Task statement.
Give again exactly the lines that run from the start of the records to the line holding "Omaomao Aloha Hawaii", both ends counted. Do not include the pictures.

Brief descriptive captions:
**********
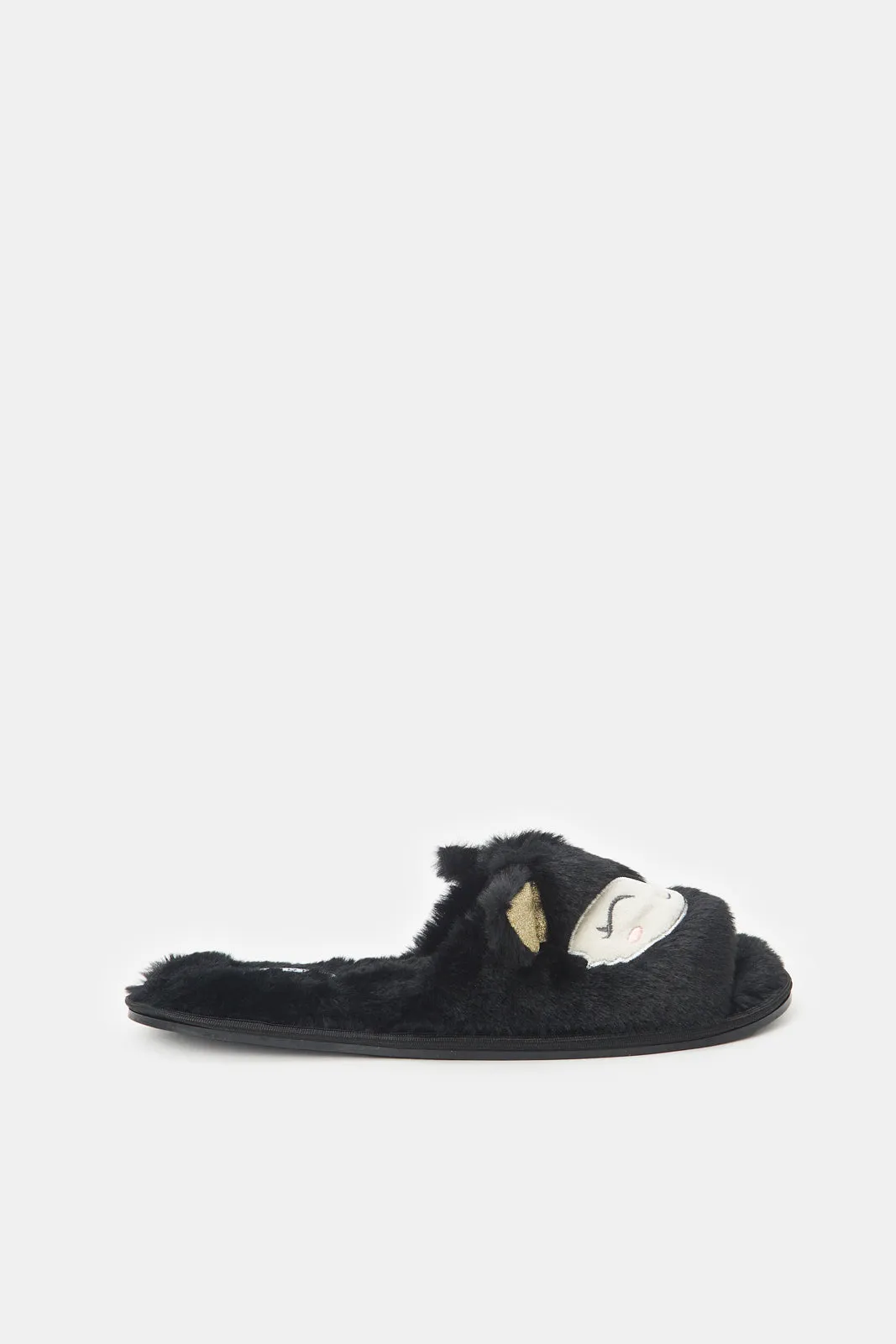 Women Black Animal Face Slipper sold by Redtag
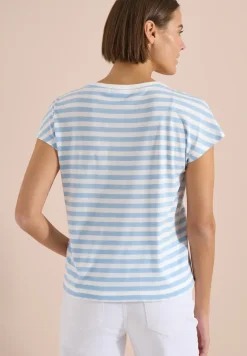 Shirt met boothals en strepen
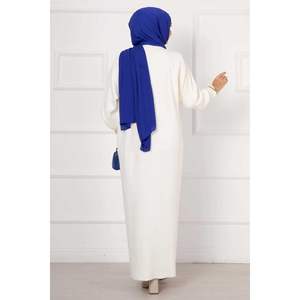 Robe T-shirt à manches ballon, écru, motif régulier, coupe standard, fabriquée en Turquie - Product Image 3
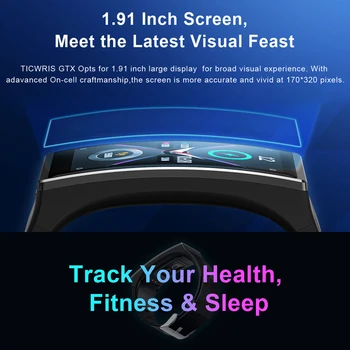 Novo TICWRIS GTX Pametno Gledati Moški Fitnes Tracker Krvni Tlak Sporočilo, Opomnik IP68 Vodotesen Šport Bluetooth 5.0 Smartwatch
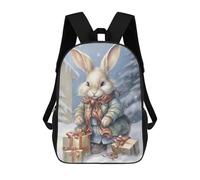sinyumoney 17inch Xmas Rabbit for Kids Kids School Backpack 3D Printed Fashion School Bag Casual School Bag for Boys Elementary And Middle School Students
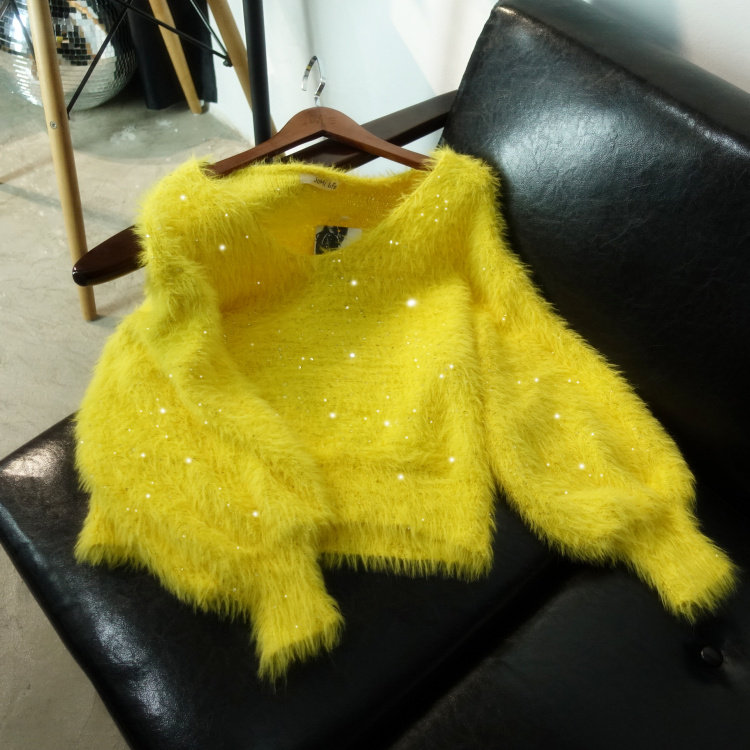 2020 Luxurious Sequins New products ins Ultra-fire grace goddess bishop sleeve Sweater Mink like cashmere thickening sweaterin the Women's clothing/Boutique , Sweaters  category - from Buy2taobao.com to provide professional Taobao agent buy service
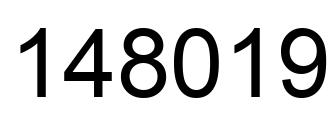 Number 148019 black image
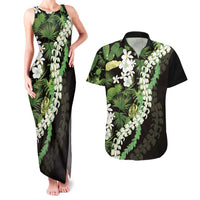 Omaomao Aloha Hawaii Lei Couples Matching Tank Maxi Dress and Hawaiian Shirt Tropical Flowers Elegant Vibe LT14 Green - Polynesian Pride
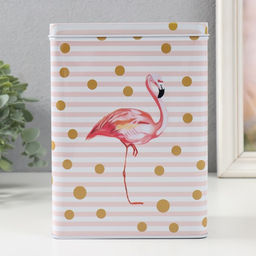 Набор шкатулок для хранения мелочей, украшений «Прямоугольная. Фламинго и золотой горох», 2 шт., металл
**********
Response area.
 Women Black Animal Face Slipper sold by Redtag
 Shirt met boothals en strepen
 Robe T-shirt à manches ballon, écru, motif régulier, coupe standard, fabriquée en Turquie - Product Image 3
 Novo TICWRIS GTX Pametno Gledati Moški Fitnes Tracker Krvni Tlak Sporočilo, Opomnik IP68 Vodotesen Šport Bluetooth 5.0 Smartwatch
sinyumoney 17inch Xmas Rabbit for Kids Kids School Backpack 3D Printed Fashion School Bag Casual School Bag for Boys Elementary And Middle School Students
 2020 Luxurious Sequins New products ins Ultra-fire grace goddess bishop sleeve Sweater Mink like cashmere thickening sweaterin the Women's clothing/Boutique , Sweaters  category - from Buy2taobao.com to provide professional Taobao agent buy service
 Number 148019 black image
 Omaomao Aloha Hawaii Lei Couples Matching Tank Maxi Dress and Hawaiian Shirt Tropical Flowers Elegant Vibe LT14 Green - Polynesian Pride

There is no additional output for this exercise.